The process of information and evidence gathering may take a while, particularly if the involvement of CAFCASS or an expert is necessary, and the court is likely to set the date for the final hearing in about 4 months or more.

Statements are prepared and exchanged on an agreed date. The CAFCASS officer will arrange to meet with you, the person on the other side of the dispute, and the children if appropriate in order to prepare his or her report.

Remember, it’s never too late to negotiate.  Wherever you are in the process, you always have options for how to move forward.

The final hearing

At the final hearing, if you have legal representation it is normal to engage a barrister; however, it is possible for a solicitor to argue your case, or indeed for you to do it yourself.  The court is taken first through your application forms, any statements, and then each side’s key arguments.

All parties then give evidence, first the applicant and then the respondent, and then anyone else involved.  Before giving evidence, each witness needs to swear an oath (or affirm) that they will tell the truth.  When you give evidence your barrister, if you have one, starts by asking you questions, then you will be cross-examined by the other party’s barrister.
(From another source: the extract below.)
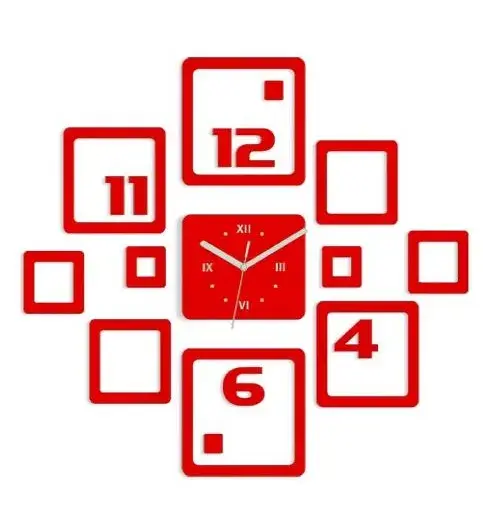 ModernClock 3D nalepovací hodiny Otto červené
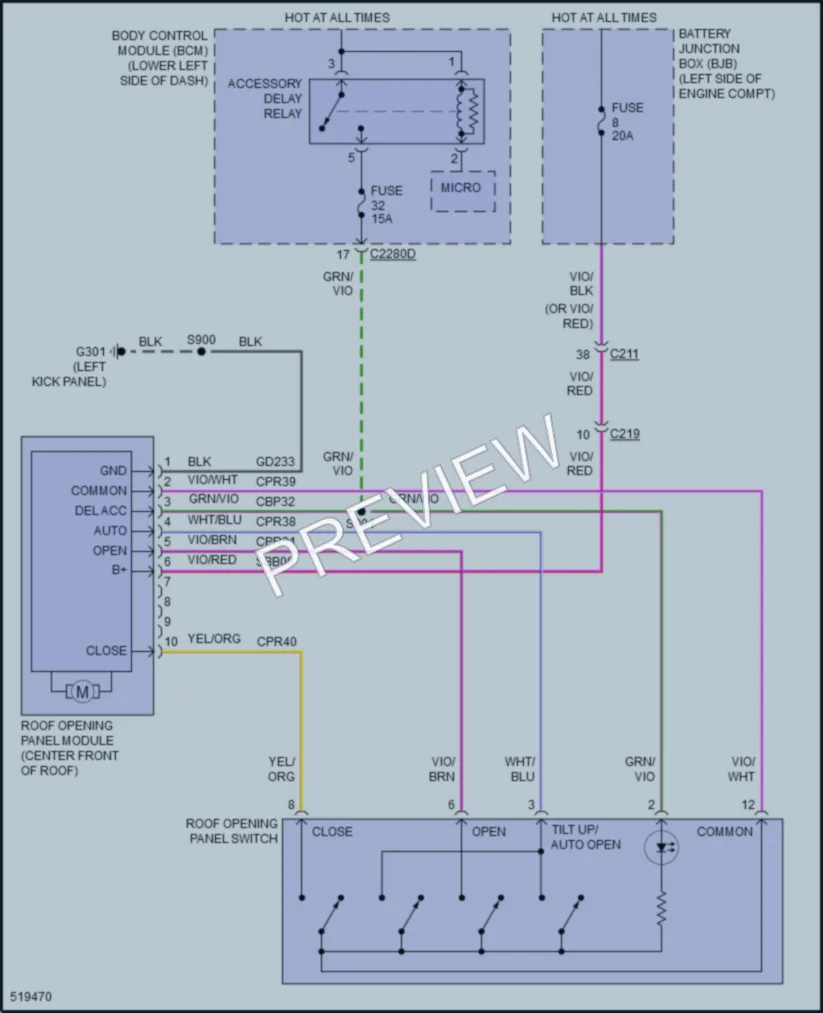 2018 Ford Flex Power Top Sunroof wiring diagram preview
The justices or judge can also ask questions.  If one or both sides don’t have legal representation, the court will ask questions along the lines that a barrister might otherwise have asked.  The same process applies to a CAFCASS officer and any expert.

After hearing evidence, the court will make its decision, usually giving the reasons for the judgment. Sometimes the reasons come later, particularly if the case is a complex one, but often it all happens on the same day.

The law

In coming to a decision, the paramount concern of the court is the child’s welfare.  The Children Act 1989 provides a list of considerations, which when taken together help guide the court in making a decision.  The checklist includes:

  • the wishes and feelings of the child concerned, in light of their age and understanding
  • the child’s physical, emotional and educational needs
  • the likely effect on the child if circumstances changed as a result of the court’s decision
  • the child’s age, sex, background and any other characteristics which will be relevant to the court’s decision
  • any harm the child has suffered or may be at risk of suffering
  • the capability of the child’s parents (or other relevant people) in meeting the child’s needs
  • the powers available to the court in the proceedings

The court must also be satisfied that making an order is better for the child than not making an order.

A word about costs

In court cases about children each side usually has to pay their own costs.  This is because the law does not view cases about children in the same way as commercial cases with winners and losers.  If one party has tried to mislead the court or conducts the litigation in an inappropriate way the court might order that party to pay all or part of the other party’s costs, but this is very rare.

The costs of going to court may be significant; that’s why everyone involved should give serious thought to alternative methods for resolving the dispute, such as mediation or collaborative law.